Nous sommes allées à la rencontre de trois jeunes femmes artistes de l’Abien Arts Center dans le quartier de Kaciyru, à Kigali. L’Abien Arts Center, tenu par Fabien Akimana et Niyigena Zachalie. A peine sorties d’école d’art, Greta Ingabire, Ineza Ines Barbara et Diane Ishimwe nous racontent leur parcours. Toutes les trois ont grandi au Rwanda, et étudié au Lycée d’art de Gisenyi, la seule institution enseignant la discipline au Rwanda.

Si leur passion pour l’art est rapidement apparue comme une évidence, aucune des trois ne l’a immédiatement envisagée comme carrière. D’abord parce que la peur de ne pas avoir de salaire mensuel fixe bloque parents et enfants. Ensuite parce qu’il y a peu de modèles féminins auxquels se référer et entamer le pas.

Pourtant elles se sont lancées et ont de grandes ambitions pour leur art. Greta souhaite s’engager sur la voie de la thérapie par l’art, notamment auprès des établissements de santé mentale, alors qu’Inès cherche à exprimer la culture rwandaise à travers son art : pour elle, il est important que le Rwanda ait plus de visibilité sur la scène artistique mondiale.
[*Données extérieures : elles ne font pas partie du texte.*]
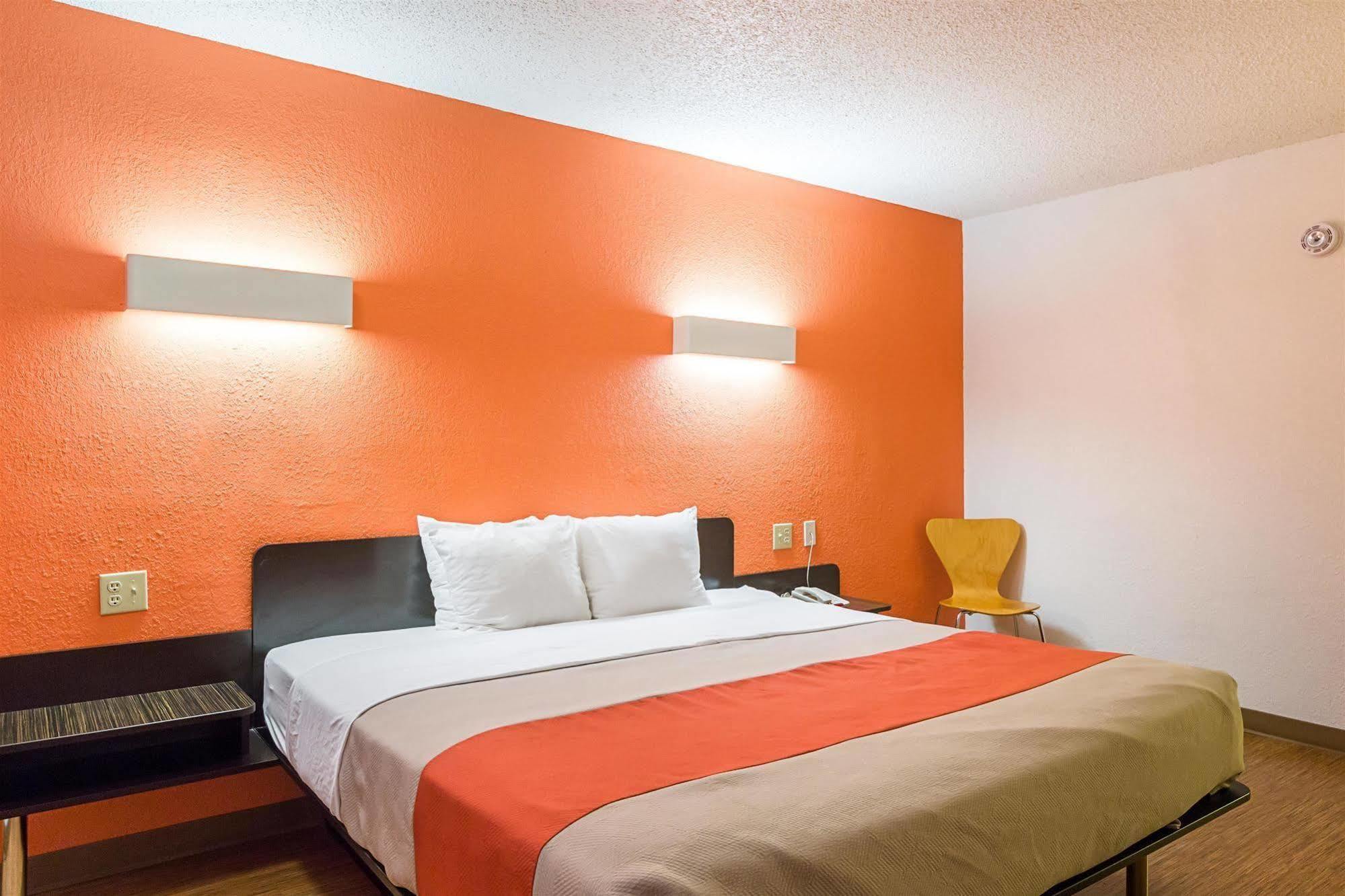 6-boerne, Tx Hotel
Cette conviction est partagée par toutes : l’art africain n’est pas suffisamment représenté, ni à l’international, ni au sein même du continent. Il est indispensable de mettre en lumières les artistes présents dans le pays et démontrer qu’il existe un marché qui produit au niveau national.

Pour ces jeunes artistes, le fait d’être une femme dans le domaine artistique est plutôt porteur : beaucoup d’opportunités leur sont offertes par les fondations, le gouvernement, les ONG qui cherchent à autonomiser les femmes à travers des projets artistiques spécifiques. Et comme le dit Inès, l’art au Rwanda est traditionnellement féminin, il ne fait que perpétuer des coutumes centenaires.  
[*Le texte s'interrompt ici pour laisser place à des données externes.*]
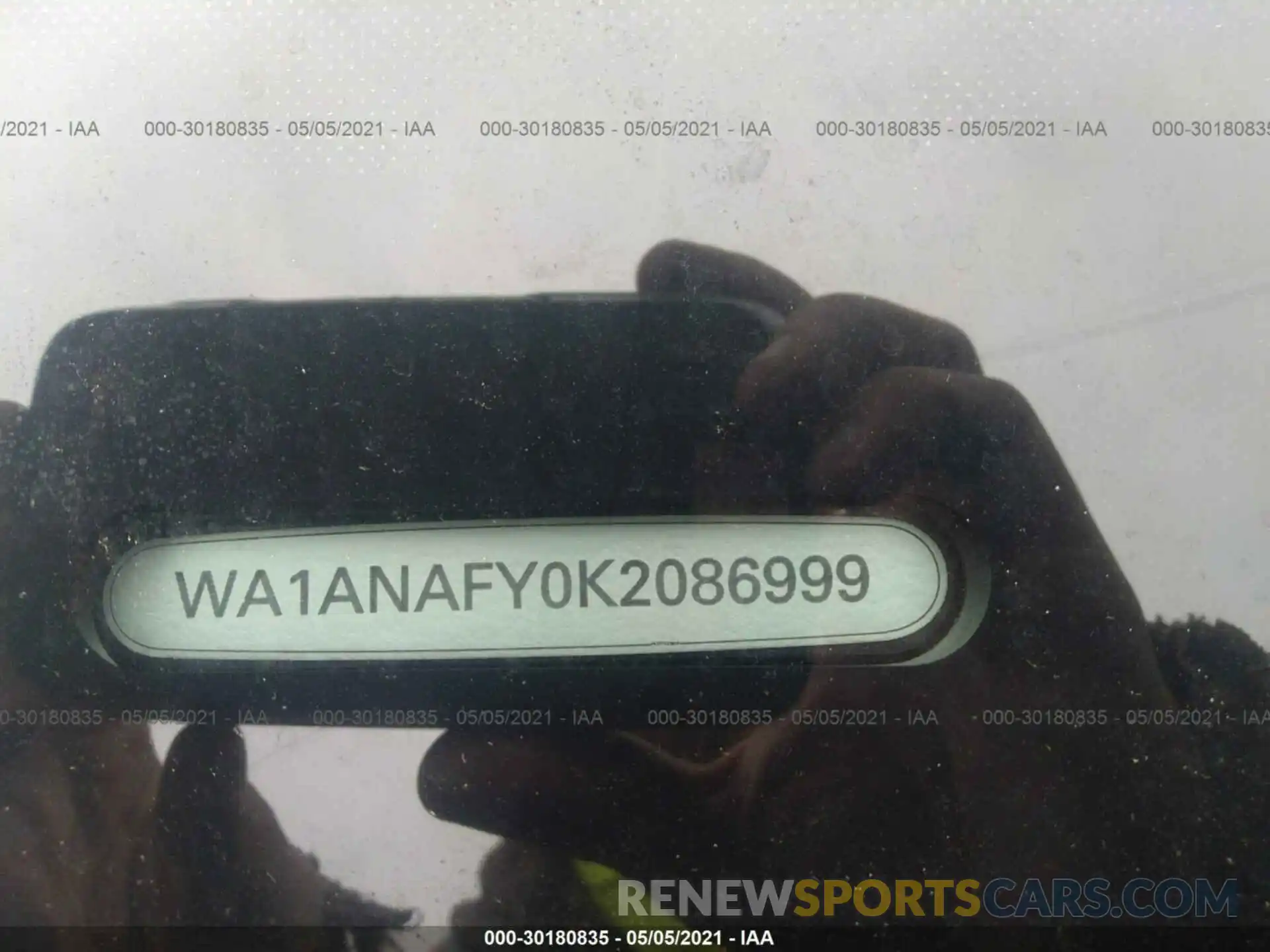 9 Photograph of a damaged car WA1ANAFY0K2086999 AUDI Q5 2019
Imigongo : les femmes ravivent cette tradition rwandaise

En effet, on connaît bien les œuvres traditionnelles rwandaises : ces tableaux carrés striés de formes géométriques abstraites noires, blanches ou brunes servaient de décoration dans les huttes et prennent désormais d’assaut les galeries, lobbys d’hôtels et magasins de mode.

Leur processus de création est très particulier : la matière de base est un mélange d’excréments de vache (animal sacré au Rwanda) et de cendre appliquée sur des planches en bois. On dessine des formes géométriques à l’aide de fibres de banane et de charbon, puis on fait sécher la composition pour enfin la peindre avec des couleurs blanches, noires, jaunes et rouges.
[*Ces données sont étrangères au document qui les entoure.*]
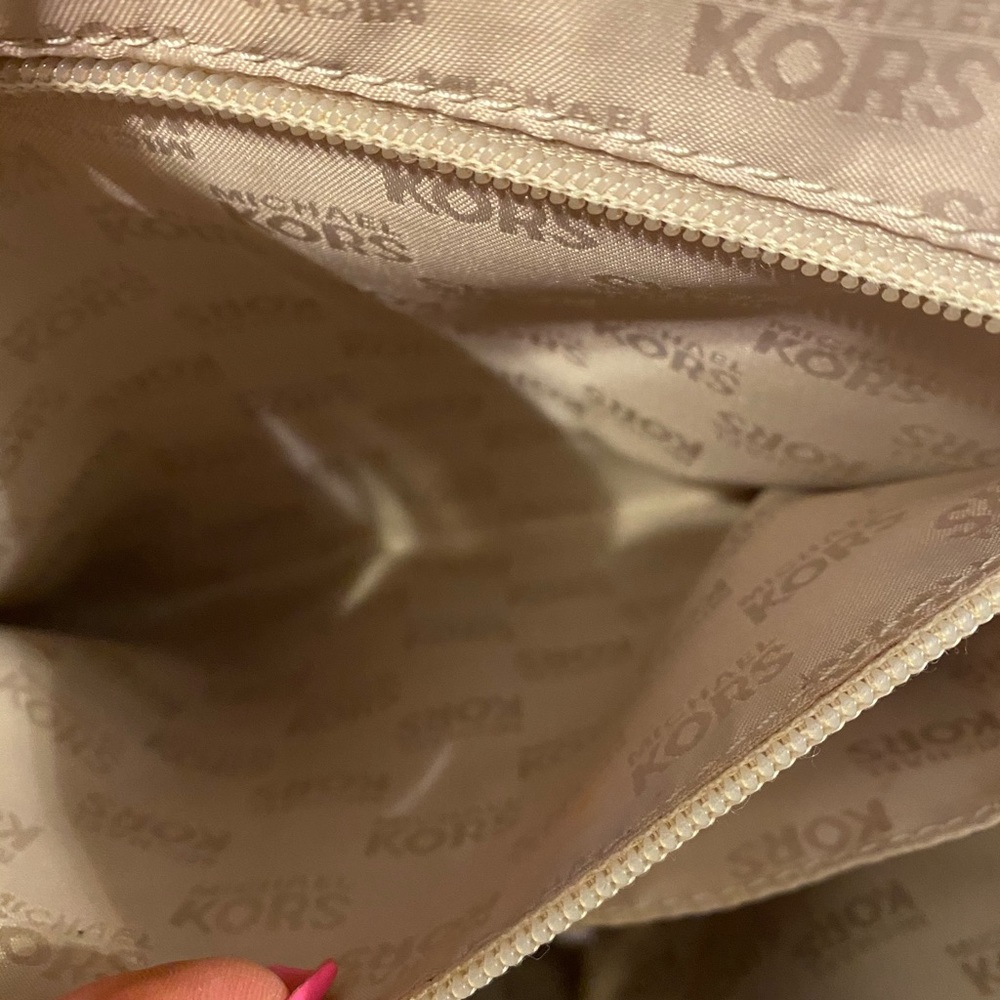 Light Pink/Beige MK Satchel Purse - Picture 5 of 12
Cette tradition serait née dans les années 1880, et apprendre cet art faisait partie du processus pour devenir une femme. Cette tradition a failli disparaître avec le génocide, une grande majorité de femmes dépositaires de cet art ayant péri. Mais il a su rejaillir de ses cendres et permettre à beaucoup de femmes perdues après 1994 de recréer une communauté autour de l’Imigongo et de survivre. C’est notamment l’histoire d’une coopérative de femmes près de Kirehe qui a fait revivre cette forme d’art rwandais.

L’imigongo, donc, symbolise le rôle cicatrisant de l’art rwandais, porté par des femmes, pour resouder une population autour de sa culture commune.